Hoaxes + Visual Stimulation and Word Play = Witchcraft? No, just Photo Manipulation.


Meladi Brewer
meladibrewer99@gmail.com


Humans are visual beings. We are designed to rely on our eyes and seeing is believing.
Photographs help stimulate the visual cortexes of our minds. They allow consumers to see what reporters are saying with words and help them believe the story.

Photo manipulations provide challenges and make it hard for consumers to believe what they see as credibility begins to be questioned. The issue does not lie within the intentional, open photo manipulations, but with the idea that consumers tend to focus on certain aspects within an image.

Ruben Salvadori gave a TedX Talk titled Photos don't lie. Or do they? where he opens the viewer's mind to how and why photo manipulation happens. He talks about the emotional and visual stimulation humans get while looking as specific images.

Visuals speak and "seeing is believing," so photographs can be edited and manipulated to tell the story reporters want to be told. Simply zooming in or out of a single image could have a greater impact on the story.

However, an intentional staging of photographs leads consumers to question credibility. Even if writers are open and honest about the efforts put into a photograph, there are enough staged images that stories are being seen as fake news.

These efforts and retaliations raise questions about staging and if it is worth the risk of losing consumers' trust in regards to credibility.
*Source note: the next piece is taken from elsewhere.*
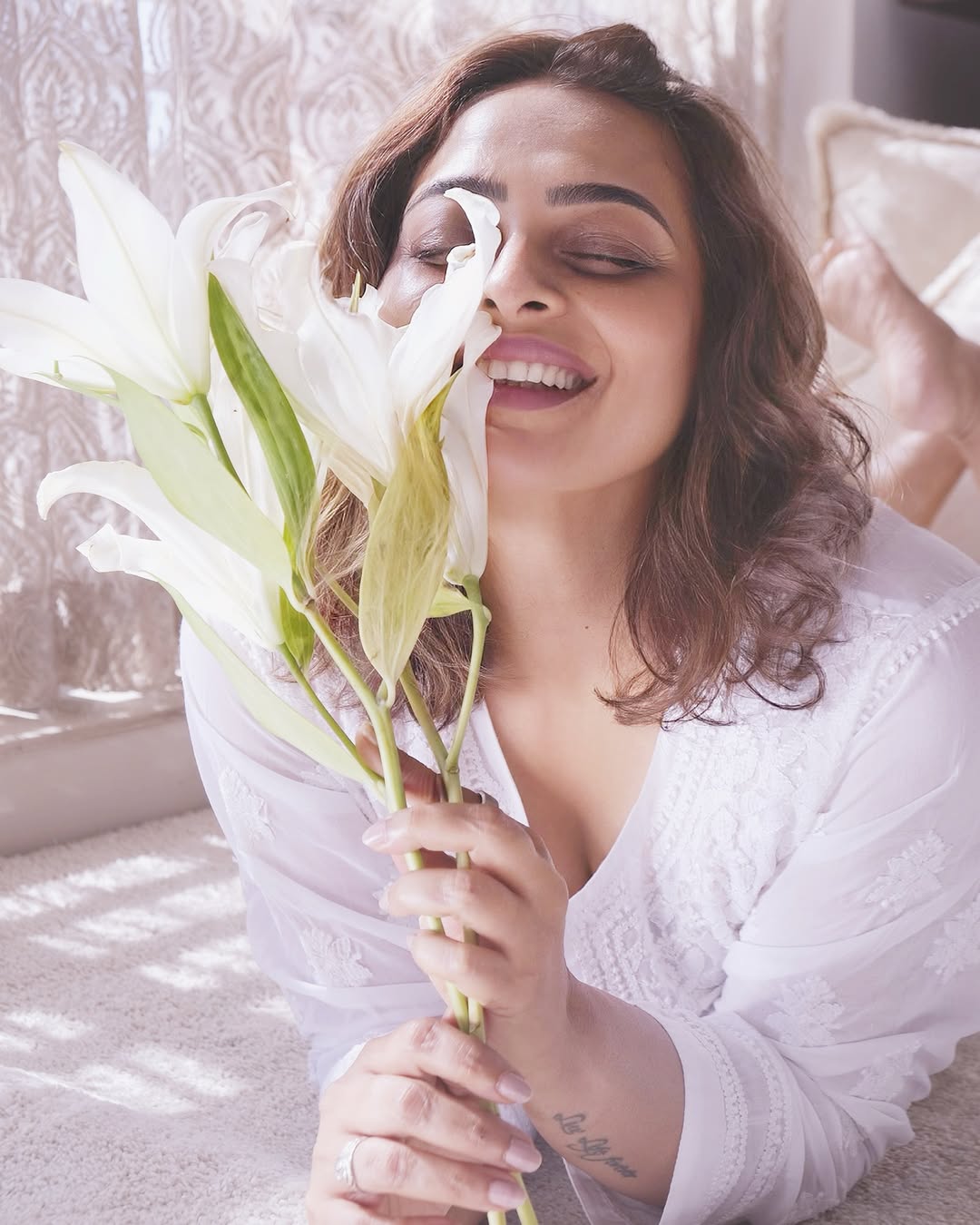 Shilpa Shirodkar white outfit serene pose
It also makes reporters think about the pros and cons and which outweighs the other.

Consumers tend to call out photo editors when images are able to be debunked. Society keeps the news accountable and honest.

An example of photo manipulation is the infamous Newsweek and Times photo showdown during the O.J. Simpson trials in 1994. Both magazines used the same photograph with different edits to manipulate the perception of Simpson.

The Times magazine cover depicted Simpson's face as dark, gruff, and blurry. The magazine editor later admitted they "wanted to make it more artful, more compelling" (Murano, 3).

Photo manipulations as small as color distorting can impact the depiction of an image greatly. However, mutilated images stay around for years after they are created.

Does This Photograph Show President Bush Reading a Book Upside-Down?
Pulled from Google Images
The image of George W. Bush reading an upside-down picture book to a group of children while visiting a school still exists on the internet and is a sore subject for debate today. The photo was created by hoaxers who disagreed with the president's choice.

Today, members of society and schoolmates still bring up the infamous photo in order to poke fun at President Bush's character. The edited and staged images created intentionally or unintentionally have a vivid impact on society and should not be taken lightly.

A simple zoom in or out can prove detrimental to a story. However, staged photo manipulations provide the groundwork for distrust within the media.